CLIENT ACKNOWLEDGES AND AGREES THAT INCAPSULA AND VENDOR HAVE OFFERED THE SERVICES AND SET THEIR PRICES IN RELIANCE UPON THE WARRANTY DISCLAIMERS AND THE LIMITATIONS OF LIABILITY SET FORTH HEREIN, THAT THE WARRANTY DISCLAIMERS AND THE LIMITATIONS OF LIABILITY SET FORTH HEREIN REFLECT A REASONABLE AND FAIR ALLOCATION OF RISK, AND THAT THE WARRANTY DISCLAIMERS AND THE LIMITATIONS OF LIABILITY SET FORTH HEREIN FORM AN ESSENTIAL BASIS OF THE BARGAIN BETWEEN CLIENT , VENDOR AND INCAPSULA. INCAPSULA WOULD NOT BE ABLE TO PROVIDE THE SERVICES ON AN ECONOMICALLY REASONABLE BASIS WITHOUT THESE LIMITATIONS.

J. Term; Termination.

The Services Agreement will automatically renew for an additional term equal to the length of the previous term unless Client gives notice of non-renewal at least thirty (30) days’ prior to the end of the then-current term. Vendor may suspend or terminate the Services without notice if: (i) Client fails to timely pay any undisputed amounts; or (ii) Client breaches the terms of Acceptable Use. Upon termination of the applicable Services Agreement, any provision of these Terms of Use which, by its nature or express terms should survive, will survive such termination or expiration, including, but not limited to the following Sections: Indemnification, Disclaimers, Limitation of Liability, Applicable Law and General.

L. Notices; Changes to Terms of Use.

Incapsula may provide Client with notices, including those regarding changes to Incapsula's Terms of Use, by email or by posting a notice on Client’s account page.

M. Assignment

The Services Agreement and any rights granted under these Terms of Use, may not be transferred or assigned by Client without the Vendor’s written consent, but may be assigned by the Vendor without restriction.

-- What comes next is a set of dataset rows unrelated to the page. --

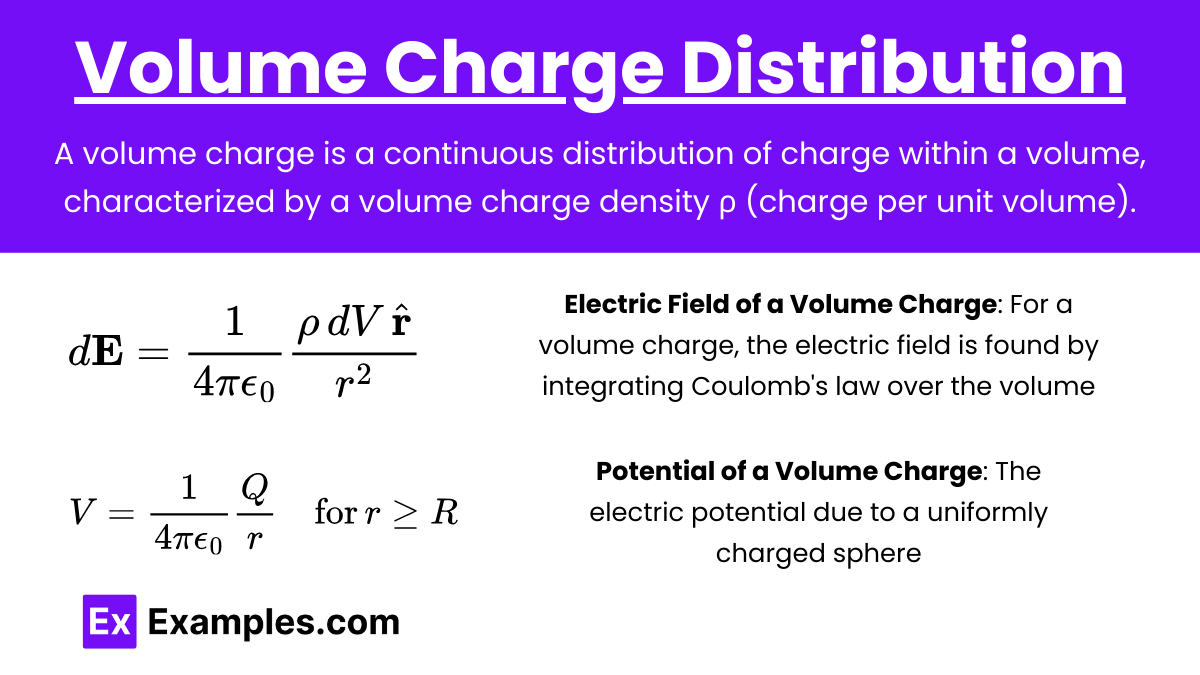 Volume Charge Distribution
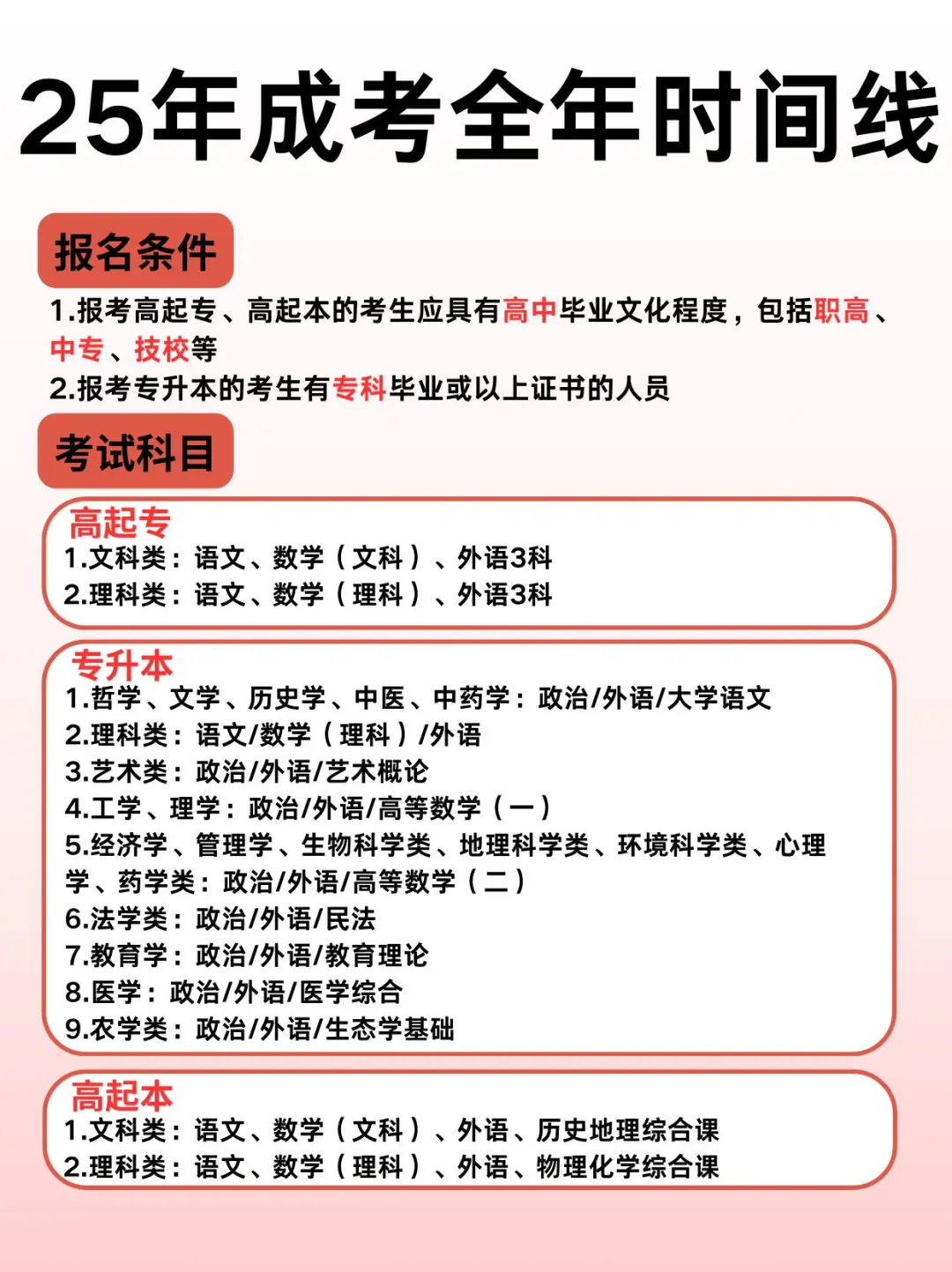 25年成考超详细流程时间线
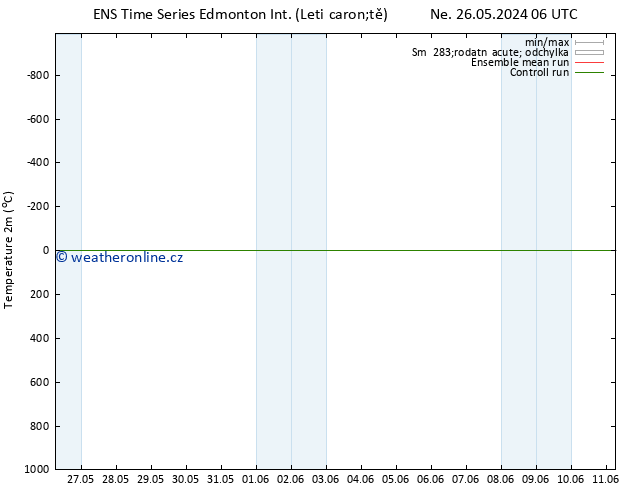 Temperature (2m) GEFS TS Ne 26.05.2024 18 UTC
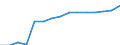 Insgesamt / Insgesamt / Erste Phase des Tertiärbereichs, Programme, die theorieorientiert/forschungsvorbereitend sind oder Zugang zu Berufen mit sehr hohen Qualifikationsanforderungen bieten (Stufe 5A) / Anzahl / Dänemark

Any attempted assignment in violation of this Section shall be void. The Services Agreement will bind and inure to the benefit of each party’s permitted successors and assigns.

N. Applicable Law

The Services Agreement and any action related thereto shall be governed by the laws of the State of California, without regard to the conflicts of law provisions thereof. The parties to the Services Agreement hereby consent to the exclusive jurisdiction and venue of state and federal courts located in Santa Clara County, California or for the purpose of any such action. The provisions of the United Nations Convention on Contracts for the International Sale of Goods and the Uniform Computer Information Transactions Act will not apply.

O. General

The parties are independent contractors and nothing in the Services Agreement or these Terms of Use authorizes a party to act as an agent of the other or bind the other to any transaction or agreement. Except as specifically provided, the exercise by either party of any rights and remedies under the Services Agreement will be without prejudice to its other remedies under the Services Agreement or otherwise. The failure of Vendor to exercise or enforce any right or provision of the Services Agreement will not constitute a waiver of such right or provision and any waiver of any provision of the Services Agreement will be effective only if in writing and signed by Vendor. Incapsula is a third party beneficiary of any Services Agreement between a reseller of Services and Client. In the event any provision of the Services Agreement shall be determined to be invalid or unenforceable under law, all other provisions shall continue in full force and effect. These Terms of Use and any Services Agreement are the entire agreement between Client and Vendor relating to the subject matter hereof and supersede all previous communications, representations, and agreements either oral or written between the parties with respect to said subject matter and will not be modified except in writing, signed by Client and Vendor, or by a change to these Terms of Use by Incapsula as set forth above. Any additional or inconsistent terms on a purchase order shall be null and void. In the event of a conflict between Services Agreement that has been signed by Vendor and Client and these Terms of Use, the terms of such Services Agreement shall govern.